Jen Mer Jen Mer - 21 days ago 5
Perl Question

Passing an array as an argument from a Perl script to a R script

I am new to R and I have a Perl Script in which I want to call a R Script, which calculates something for me (not important what in this context). I want to give as arguments an input file, an array which contains some numbers and a number for a total number of clusters. medoid.r is the name of my R Script.

my $R_out;
$R_out = qx{./script/medoid.r $output @cluster $NUMBER_OF_CLUSTERS}


My current R code looks like this. Right now I just print cluster to see what is inside.

args <- commandArgs(TRUE)
filename = args[1]
cluster = as.vector(args[2])
number_of_cluster = args[3]

matrix = read.table(filename, sep='\t', header=TRUE, row.names=1, quote="")
print(cluster)


Is it possible to give an array as an argument? How can I save it in R? Right now only the first number of the array is stored and printed, but I would like to have every number in a vector or something similar.

Answer

In perl, qx will expect a string as an argument. You may certainly use an array to generate that string, but ultimately it will still be a string. You cannot "pass an array" to a system call, you can only pass command-line text/arguments.

Keep in mind, you are executing a system call running Rscript as a child process. The way you're describing the issue, there is no inter-process communication beyond the command line. Think of it this way: how would you type an array on the command line? You may have some textual way of representing an array, but you can't type an array on the command line. Arrays are stored and accessed in memory differently by various different languages, and thus are not really portable between two languages like you're suggesting.

One solution: all that said, there may be a simple solution for you. You haven't provided any information on the type of data you want to pass in your array. If it is simple enough, you may try passing it on the command line as delimited text, and then break it up to use in your Rscript.

Here is an Rscript that shows you what I mean:

args = commandArgs(trailingOnly=TRUE)
filename = args[1]
cluster <- c(strsplit(args[2],"~"))

sprintf("Filename: %s",filename)
sprintf("Cluster list: %s",cluster)

print("Cluster:")
cluster

sprintf("First Item: %s",cluster[[1]][1])

Save it as "test.r" and try executing it with "Rscript test.r test.txt one~two" and you'll get the following output (tested on Rscript 46084, OpenBSD):

[1] "Filename: test.txt"
[1] "Cluster list: c(\"one\", \"two\")"
[1] "Cluster:"
[[1]]
[1] "one" "two"

[1] "First Item: one"

So, all you'd have to do on the perl side of things is join() your array using "~" or any other delimiter- it is highly dependent on your data, and you haven't provided it.

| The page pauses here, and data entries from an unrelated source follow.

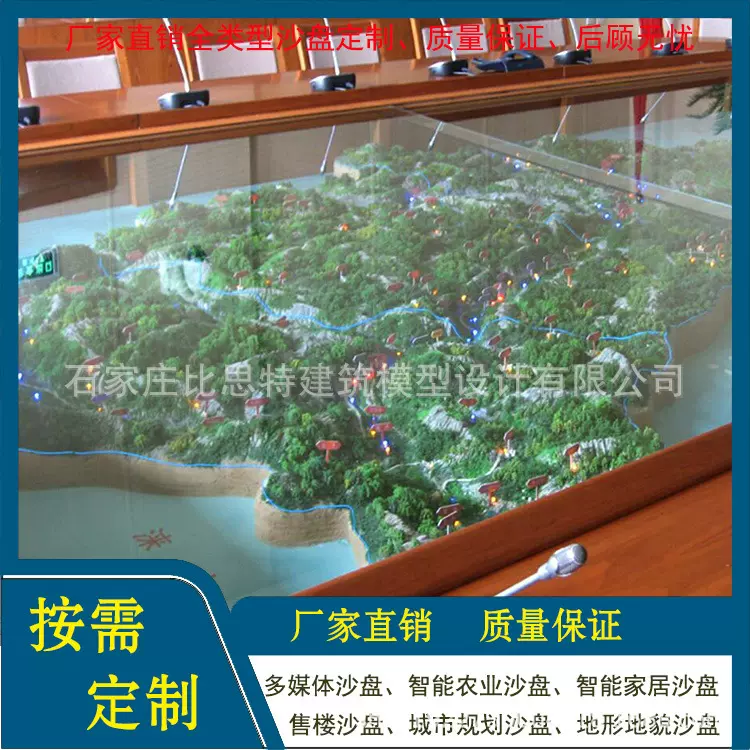 沙盘模型   地形地貌沙盘 房地产沙盘 机械模型沙盘 学校沙盘建筑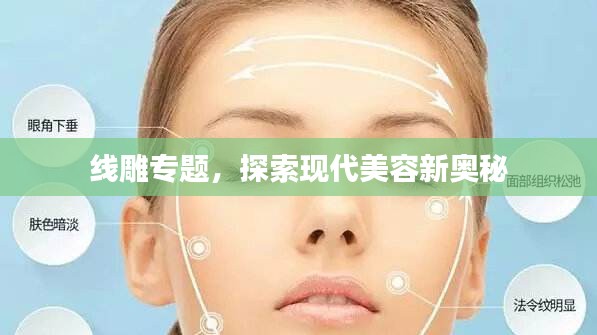 线雕专题，探索现代美容新奥秘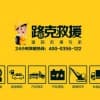 山西太原道路救援哪家質量好/山西路克汽車服務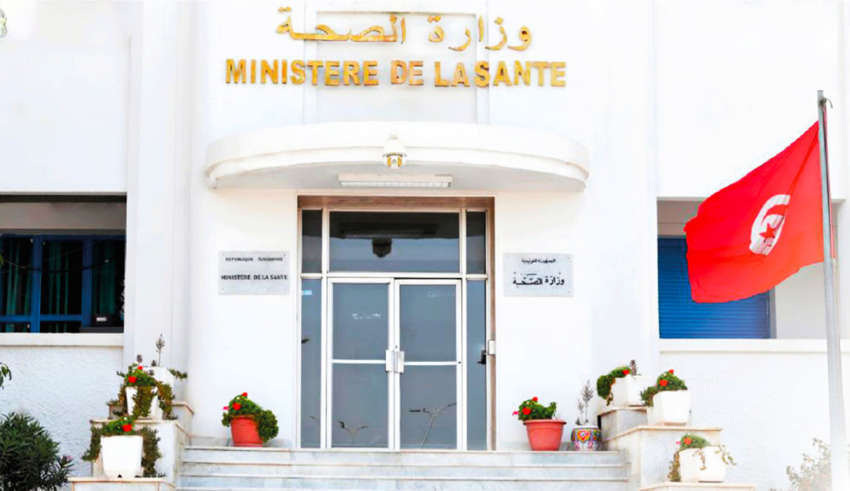 Tunisie: Création d’un centre de lutte contre le cancer à Gabès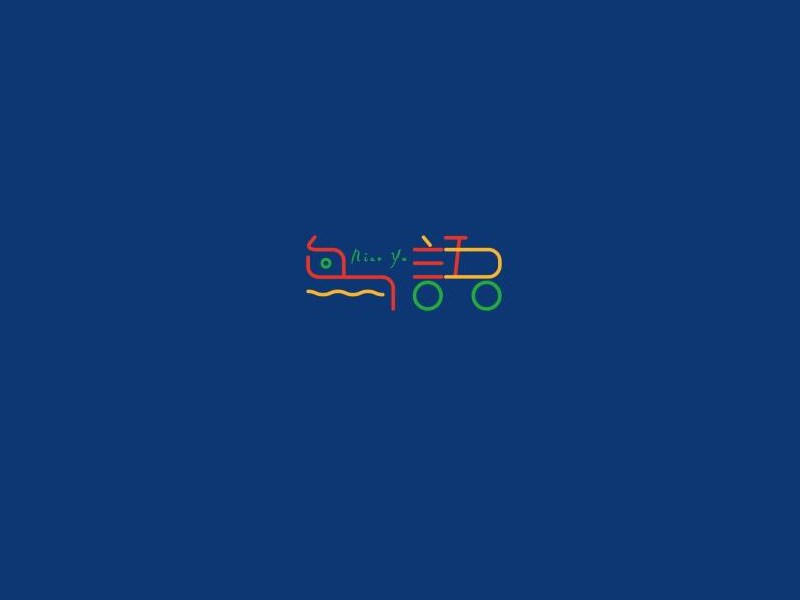 鸟语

Summary: re-think how you want to communicate between perl and Rscript. Consider sending the data as a delimited string (if it's the right size) and breaking it up on the other side. Look into IPC if that won't work, consider environment variables or other options. There is no way to send an array reference on the command-line.

Note: you may want to read up on security risks of different system calls in perl.